States May Be Forced to Achieve Higher Level of Reporting of Their Unfunded Liabilities

Proposals being created by the Governmental Accounting Standards Board will force most US states and towns to increase the level of unfunded liabilities they report on their balance sheets.

(June 23, 2011) — The Governmental Accounting Standards Board (GASB) is set to propose new state pension rules.  

The accounting board for governments is scheduled to propose the changes next month, which will aim to force states and local governments to better account for pension costs of their workforce while the employees are still on the job.

Additionally, under the proposed rules, schemes would be required to record their unfunded obligations over a shortened period averaging up to 15 years, the Wall Street Journal reported.

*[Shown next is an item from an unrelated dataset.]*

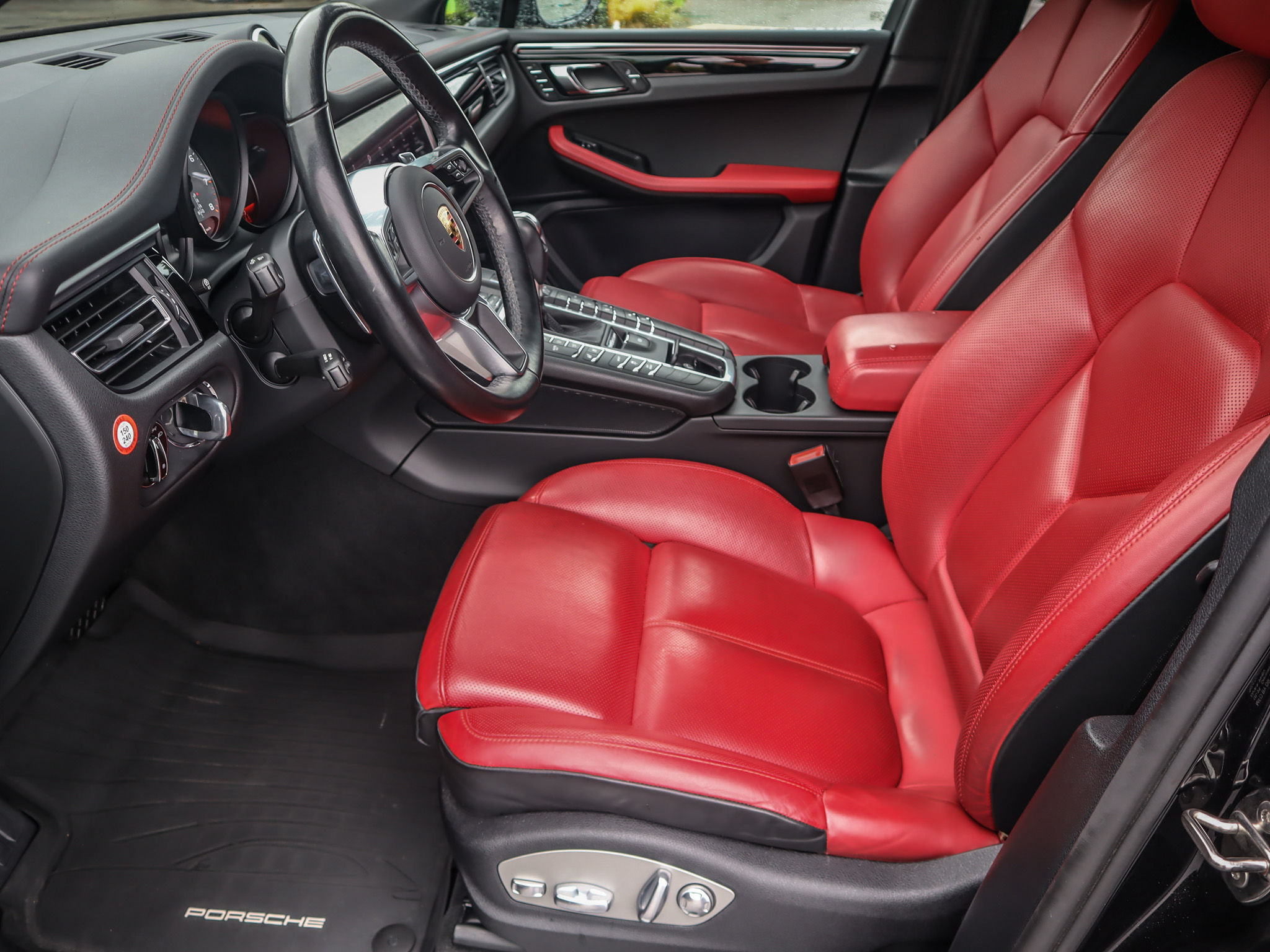 2021 Porsche Macan in Vancouver, British Columbia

“We want people to be transparent and disclose exactly what it is they’re doing, and the market will make their judgments based on that,” GASB Chairman Robert H. Attmore said at a Washington conference sponsored by the Pew Center on the States, according to the WSJ. “The economics don’t change,” he said, adding that the change would make it easier for investors to compare public pension plans across states.

Currently, governments are not required to show their unfunded pension obligation as a liability on their balance sheet. However, GASB is proposing to make the amount of governments’ pension shortfalls clearer to investors.

Adding to the move to improve pension accounting, a recently released Congressional Budget Office (CBO) brief suggests that American public pensions should alter the way they calculate plan liabilities, asset values, and funding ratios. According to The Underfunding of State and Local Pension Plans, public pensions should use a fair-value method that incorporates a discount rate used on future cash flows to discern their liabilities to future workers, as opposed to the current GASB guidelines.

“For assets, the fair value is what an investor would be willing to pay for them—that is, the current market value (or an estimate when market values are unavailable); it is not the averaged, or smoothed, market values that are reported under GASB guidelines,” according to the brief. “For pension liabilities, the fair value can be thought of as what a private insurance company operating in a competitive market would charge to assume responsibility for those obligations.”